§ Work instruction
When the line with "2810 15 Avenue" turns up below, begin repeating exactly, and carry on through the line with "Hutsuite Hotel"; no pictures go into the copy.

§ Stored data
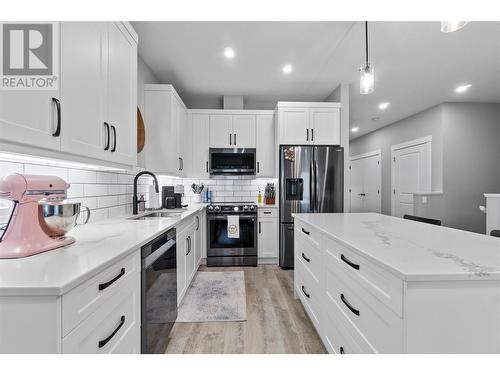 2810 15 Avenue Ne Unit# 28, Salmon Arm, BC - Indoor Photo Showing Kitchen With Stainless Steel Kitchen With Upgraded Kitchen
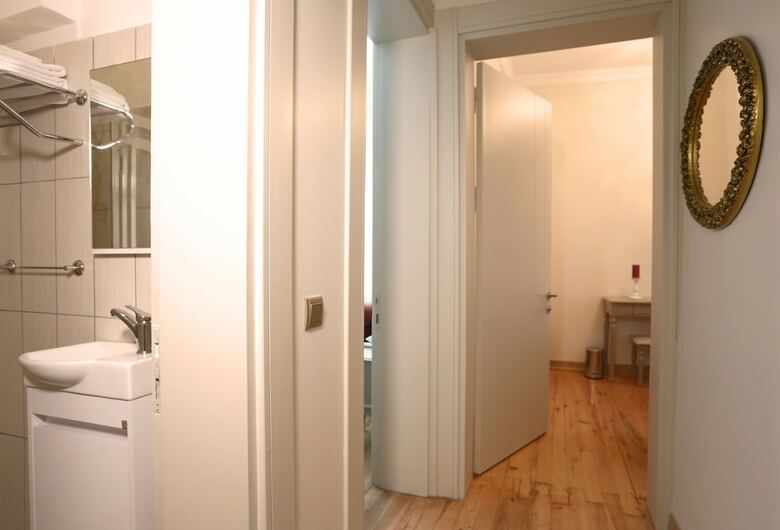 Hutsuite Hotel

==

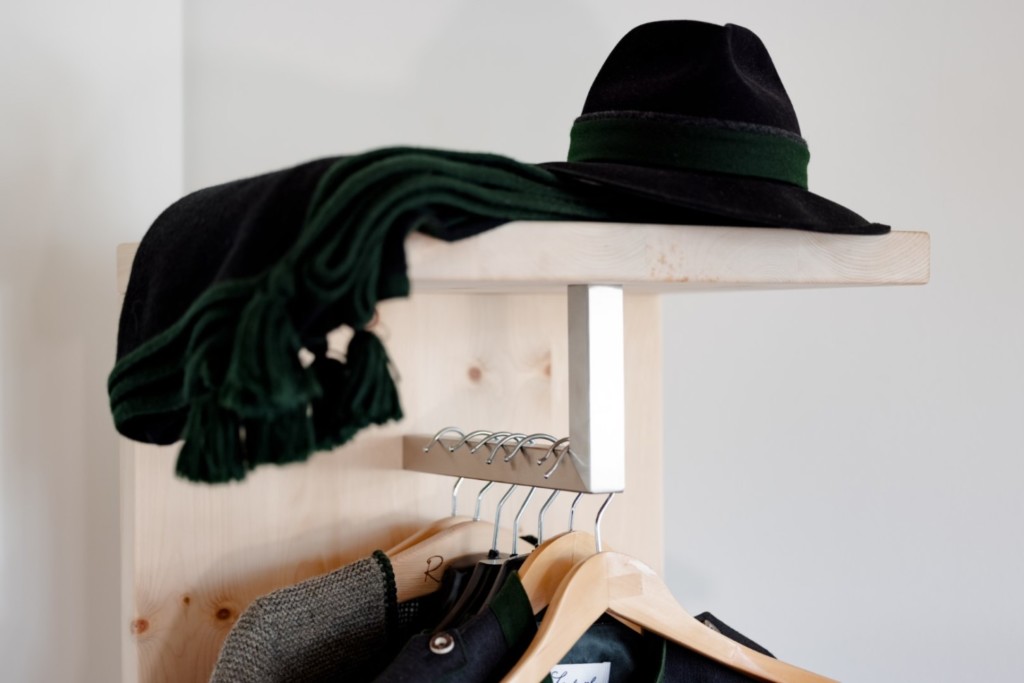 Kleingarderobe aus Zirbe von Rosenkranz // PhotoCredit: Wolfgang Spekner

§ Exercise output
 2810 15 Avenue Ne Unit# 28, Salmon Arm, BC - Indoor Photo Showing Kitchen With Stainless Steel Kitchen With Upgraded Kitchen
 Hutsuite Hotel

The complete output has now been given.